Last week I was invited to take part in a BBC Radio Gloucestershire debate on the new two year linear A Levels. Essentially, a ‘false binary’ dichotomy was set up by the BBC producer with another Head arguing against my viewpoint. We both came to the same conclusion that some coursework was still good and we will need to wait to see how these A Levels work out. I also made the point that we need to prepare our young people for a global jobs market and we do need to expose them to testing, but that bit is about how much we put pressure on our young people with factors like the sheer number and hours of exams.
I have been trying to work out, in this context, what I think of Lucy Crehan’s book “Cleverlands” as she looks at the five perceived global educational success stories of Finland, Japan, Singapore, Shanghai and Canada. Having worked with these countries a lot in global education I have found myself at odds with some of her conclusions, in particular from what I know of my collaboration with colleagues in Finland, for example. The Finns believe their greatest challenge is to avoid the temptation to rest on their laurels of PISA and their structural reforms in education of decades ago.
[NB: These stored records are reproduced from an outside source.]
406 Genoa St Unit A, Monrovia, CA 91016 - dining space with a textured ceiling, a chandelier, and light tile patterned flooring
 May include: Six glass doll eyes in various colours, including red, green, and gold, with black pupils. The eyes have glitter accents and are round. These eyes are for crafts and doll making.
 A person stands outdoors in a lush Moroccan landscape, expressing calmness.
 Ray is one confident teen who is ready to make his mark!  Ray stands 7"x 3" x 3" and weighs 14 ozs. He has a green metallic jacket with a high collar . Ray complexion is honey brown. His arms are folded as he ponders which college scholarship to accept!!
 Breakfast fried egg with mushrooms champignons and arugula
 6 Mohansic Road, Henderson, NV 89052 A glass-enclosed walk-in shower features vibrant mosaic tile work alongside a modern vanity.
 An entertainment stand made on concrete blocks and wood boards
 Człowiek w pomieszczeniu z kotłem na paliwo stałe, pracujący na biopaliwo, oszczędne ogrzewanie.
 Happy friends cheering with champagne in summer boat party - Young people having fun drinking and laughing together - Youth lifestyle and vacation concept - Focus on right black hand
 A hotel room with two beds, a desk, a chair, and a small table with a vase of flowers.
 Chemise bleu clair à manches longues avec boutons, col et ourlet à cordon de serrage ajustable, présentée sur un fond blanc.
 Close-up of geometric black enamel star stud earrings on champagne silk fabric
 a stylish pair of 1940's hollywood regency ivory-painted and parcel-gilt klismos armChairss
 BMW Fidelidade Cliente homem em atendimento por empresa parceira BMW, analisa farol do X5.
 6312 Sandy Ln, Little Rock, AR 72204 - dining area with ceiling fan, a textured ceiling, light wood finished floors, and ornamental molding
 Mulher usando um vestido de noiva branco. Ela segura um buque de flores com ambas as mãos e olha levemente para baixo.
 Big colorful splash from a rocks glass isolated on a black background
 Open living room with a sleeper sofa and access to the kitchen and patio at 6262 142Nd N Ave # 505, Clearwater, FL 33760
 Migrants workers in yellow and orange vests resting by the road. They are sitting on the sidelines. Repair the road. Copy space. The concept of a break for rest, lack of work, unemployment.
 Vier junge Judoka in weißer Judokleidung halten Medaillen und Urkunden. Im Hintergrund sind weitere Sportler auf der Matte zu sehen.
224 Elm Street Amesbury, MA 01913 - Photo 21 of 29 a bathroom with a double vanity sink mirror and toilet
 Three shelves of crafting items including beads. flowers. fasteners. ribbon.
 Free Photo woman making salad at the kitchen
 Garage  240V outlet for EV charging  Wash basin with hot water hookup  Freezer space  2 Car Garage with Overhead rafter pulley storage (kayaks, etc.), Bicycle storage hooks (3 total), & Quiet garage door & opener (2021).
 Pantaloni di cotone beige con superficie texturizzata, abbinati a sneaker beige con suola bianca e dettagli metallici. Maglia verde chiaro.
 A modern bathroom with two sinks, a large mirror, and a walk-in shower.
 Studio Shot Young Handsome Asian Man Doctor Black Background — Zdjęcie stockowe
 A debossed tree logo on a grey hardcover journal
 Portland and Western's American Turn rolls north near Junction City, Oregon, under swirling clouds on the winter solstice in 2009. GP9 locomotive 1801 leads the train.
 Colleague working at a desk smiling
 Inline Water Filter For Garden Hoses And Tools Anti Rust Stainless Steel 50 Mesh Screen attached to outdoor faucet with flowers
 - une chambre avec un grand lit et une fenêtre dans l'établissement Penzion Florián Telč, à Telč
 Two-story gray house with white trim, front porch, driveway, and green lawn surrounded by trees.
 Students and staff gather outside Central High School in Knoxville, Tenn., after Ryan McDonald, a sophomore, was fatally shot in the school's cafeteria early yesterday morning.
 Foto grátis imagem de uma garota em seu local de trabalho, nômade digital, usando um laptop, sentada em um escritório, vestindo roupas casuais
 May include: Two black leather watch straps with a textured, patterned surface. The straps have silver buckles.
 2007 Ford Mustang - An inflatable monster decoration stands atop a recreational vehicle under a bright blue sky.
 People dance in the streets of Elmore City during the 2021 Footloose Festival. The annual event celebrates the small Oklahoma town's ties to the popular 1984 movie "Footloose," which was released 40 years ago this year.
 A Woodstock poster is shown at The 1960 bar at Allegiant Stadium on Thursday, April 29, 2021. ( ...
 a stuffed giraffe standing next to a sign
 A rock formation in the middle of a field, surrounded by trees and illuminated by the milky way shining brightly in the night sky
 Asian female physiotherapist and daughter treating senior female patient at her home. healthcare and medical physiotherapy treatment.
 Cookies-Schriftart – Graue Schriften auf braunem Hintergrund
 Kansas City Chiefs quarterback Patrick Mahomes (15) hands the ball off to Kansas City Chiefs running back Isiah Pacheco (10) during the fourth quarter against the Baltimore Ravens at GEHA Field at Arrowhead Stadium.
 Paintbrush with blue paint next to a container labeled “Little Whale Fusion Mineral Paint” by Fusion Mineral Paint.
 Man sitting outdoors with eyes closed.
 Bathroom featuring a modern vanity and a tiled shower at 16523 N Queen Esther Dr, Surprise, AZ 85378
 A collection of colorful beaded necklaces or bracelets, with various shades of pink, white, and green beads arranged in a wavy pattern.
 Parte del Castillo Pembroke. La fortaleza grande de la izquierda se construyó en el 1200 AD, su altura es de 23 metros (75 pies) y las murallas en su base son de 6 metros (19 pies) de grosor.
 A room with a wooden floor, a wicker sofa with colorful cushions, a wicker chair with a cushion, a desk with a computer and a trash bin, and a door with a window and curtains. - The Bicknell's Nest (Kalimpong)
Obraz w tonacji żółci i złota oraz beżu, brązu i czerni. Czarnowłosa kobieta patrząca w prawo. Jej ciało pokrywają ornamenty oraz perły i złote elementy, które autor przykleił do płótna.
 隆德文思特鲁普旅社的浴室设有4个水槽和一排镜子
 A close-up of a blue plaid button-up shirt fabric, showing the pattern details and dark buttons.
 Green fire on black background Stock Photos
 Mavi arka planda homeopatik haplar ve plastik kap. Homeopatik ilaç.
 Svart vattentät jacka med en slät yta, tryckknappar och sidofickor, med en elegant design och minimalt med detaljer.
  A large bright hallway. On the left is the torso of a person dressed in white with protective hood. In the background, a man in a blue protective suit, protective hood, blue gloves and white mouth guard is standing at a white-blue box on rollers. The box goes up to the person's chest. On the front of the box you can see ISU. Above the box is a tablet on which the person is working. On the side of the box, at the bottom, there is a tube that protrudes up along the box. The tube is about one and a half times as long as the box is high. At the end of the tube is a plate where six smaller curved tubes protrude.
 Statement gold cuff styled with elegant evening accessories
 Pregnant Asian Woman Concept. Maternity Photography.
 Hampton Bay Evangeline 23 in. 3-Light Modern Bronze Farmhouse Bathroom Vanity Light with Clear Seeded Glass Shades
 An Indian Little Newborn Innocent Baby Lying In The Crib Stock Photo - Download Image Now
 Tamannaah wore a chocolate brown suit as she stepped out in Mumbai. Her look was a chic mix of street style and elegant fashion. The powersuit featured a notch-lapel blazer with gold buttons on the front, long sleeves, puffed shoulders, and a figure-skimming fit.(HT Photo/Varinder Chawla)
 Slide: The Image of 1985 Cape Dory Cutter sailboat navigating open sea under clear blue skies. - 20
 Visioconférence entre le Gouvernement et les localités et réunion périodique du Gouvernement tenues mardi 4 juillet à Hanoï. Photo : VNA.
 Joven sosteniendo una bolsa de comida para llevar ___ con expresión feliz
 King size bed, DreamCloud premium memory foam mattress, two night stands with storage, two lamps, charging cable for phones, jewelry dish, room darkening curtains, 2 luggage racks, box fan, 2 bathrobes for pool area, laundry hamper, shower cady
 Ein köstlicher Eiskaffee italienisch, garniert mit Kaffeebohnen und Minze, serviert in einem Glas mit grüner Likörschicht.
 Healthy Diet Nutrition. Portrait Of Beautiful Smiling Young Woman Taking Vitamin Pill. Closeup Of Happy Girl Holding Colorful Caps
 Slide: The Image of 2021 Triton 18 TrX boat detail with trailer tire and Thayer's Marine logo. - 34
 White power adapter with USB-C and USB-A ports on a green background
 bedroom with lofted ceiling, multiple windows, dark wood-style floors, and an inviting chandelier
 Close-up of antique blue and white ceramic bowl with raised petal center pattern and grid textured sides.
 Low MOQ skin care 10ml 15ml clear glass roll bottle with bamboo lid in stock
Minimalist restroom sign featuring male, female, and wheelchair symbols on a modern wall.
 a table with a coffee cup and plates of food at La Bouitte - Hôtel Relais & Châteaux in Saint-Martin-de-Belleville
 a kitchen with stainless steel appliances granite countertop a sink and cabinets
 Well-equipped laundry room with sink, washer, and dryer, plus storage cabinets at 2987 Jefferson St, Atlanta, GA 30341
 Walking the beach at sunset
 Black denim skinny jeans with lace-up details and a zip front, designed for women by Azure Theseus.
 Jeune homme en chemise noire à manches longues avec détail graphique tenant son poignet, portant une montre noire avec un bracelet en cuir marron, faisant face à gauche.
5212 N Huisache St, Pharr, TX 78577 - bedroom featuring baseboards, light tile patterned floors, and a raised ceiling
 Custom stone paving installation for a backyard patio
As a consequence, they are going to take a risk and design a more fluid curriculum, less based on traditional subjects, but rather based on the skills associated with creative, digital and global learning and critical thinking. I worked extensively with schools in Singapore about 10 years ago. The drive for these schools and educators was finding ways to bring more arts into their curriculum, and I remember standing in Tintern Abbey one Saturday with a whole group of Singaporean teachers reading Wordsworth’s famous poem and discussing methods to include more creative poetry and drama in their curriculum, rather than just literacy skills.
It is funny how life can come around in full circle, as I sat in Tintern Abbey in the glorious sunshine a couple of weeks ago thinking of those Singaporean colleagues from St Nicholas school. I was transfixed by the astonishing surrealism of the “Museum of the Moon” a piece of glorious public art by Luke Jerram and the music composed by Dan Jones. A Bristolian and a Welshman: always a good combination! A replica, detailed model of the Moon hung down in the middle of the ruined nave of the abbey and it was so beautiful, bold, challenging and thought provoking. Art should challenge and move us. Art should be integral in our lives always and to paraphrase Ken Robinson, Creativity should be just as important as Maths. The Wye “Festival of the River” brought so many people together and made them think about where they live, where they are in their lives, as well as the beauty and appreciation of what they have right now in that moment of time. I thought about the collaborative power of music this week as I watched and listened to the people of Manchester sing Oasis’ “Don’t look back in anger” as they reflected, one year on, from the senseless terror attack on young people in the Manchester Arena. I thought of the images from Sante Fe, as another senseless US school shooting took place, killing 10 people so soon after Parkland was supposed to be the turning point where this murder of teachers and students stopped. I thought of this as I sat in the Sixth Form café today where Year 13 were in full fancy dress, despite the rain, celebrating their milestone of leaving school singing collectively Jason’s Mraz’s “I’m Yours”. It was just wonderful. Young, joyous faces ready to move onto university, careers, jobs and lives, but right at that moment they were singing and expressing their inner selves. Young people should have the world at their feet and the ability to dream the impossible without fear of the future. I did like the fact the smart phones provided the “lighter” effect of the concert though. It is 2018 after all.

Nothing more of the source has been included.